According to them, the platform will address some of the concerns of Nigerians about INEC’s election-viewing portal, iREV, as they would now be able to view in real-time the results from every polling unit in the country.
At Least one electorate or party supporter of all polling units across the country has to register on the “collate” platform and upload the results of their polling unit. The results will be viewed by everyone, anywhere in the world, in real-time. This way, all polling unit results will be collated and counted by the populace to compare with the INEC official result, and any rigging attempt will be detected.
“While party agents contested election results during INEC result announcements, nobody really had real-time evidence to present. There was nowhere visible that the results were all aggregated. So it became difficult to prove,” Nwoye said.
“Though a lot of people have introduced structured solutions like forms to crowdsource results, these solutions are not entirely designed to capture all the polling units and offer real-time results as they are dependent on voters sporadically finding out about those forms on election day, which may be too late.

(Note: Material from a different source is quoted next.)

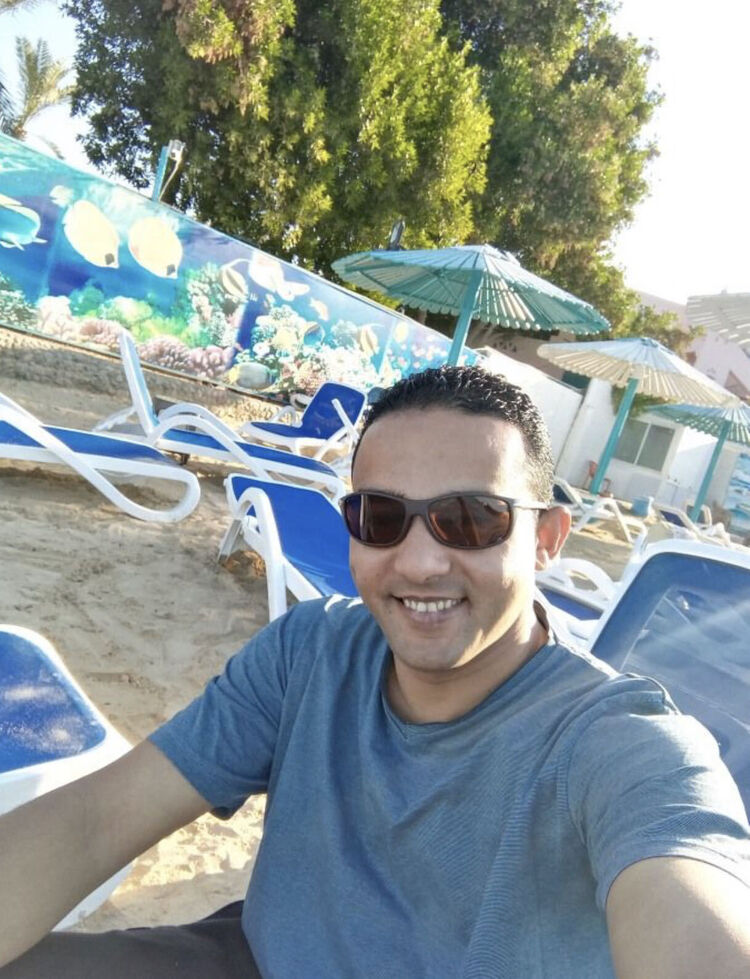  34300965  Mohamoud, 36 ,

“So, from my product knowledge, I thought it would be good to know in advance about polling units without coverage and plan for coverage.” He added.
Nwonye also noted that the platform would indicate clearly, which polling units were disqualified or disenfranchised with voters pre-registering and indicating their polling units. It will also help identify the Polling Units that risk not having results posted on Collate and push to get voters from those PUs to register on the site. What’s key in this product is the ability to plan ahead, he said.
The tech leaders behind the initiative have been working hard to develop the platform, which they anticipate will be a necessary game-changer for the coming elections. They are dedicated to maintaining a nonpartisan approach and prioritize the elimination of corruption and fraud in the electoral process.
“The difference with what we’re doing is that we allow voters to independently collect results and have proof,” Omosigho said. “When you can point to proof, then you can stop any malpractice in the voter process. Now any candidate from any political party will have access to clear evidence of images taken at the polling units, completely independent of INEC.”
To safeguard the integrity of the election, Collate ensures that voters who submit results to their platform will be protected, and no personally identifiable information will be disclosed to the public.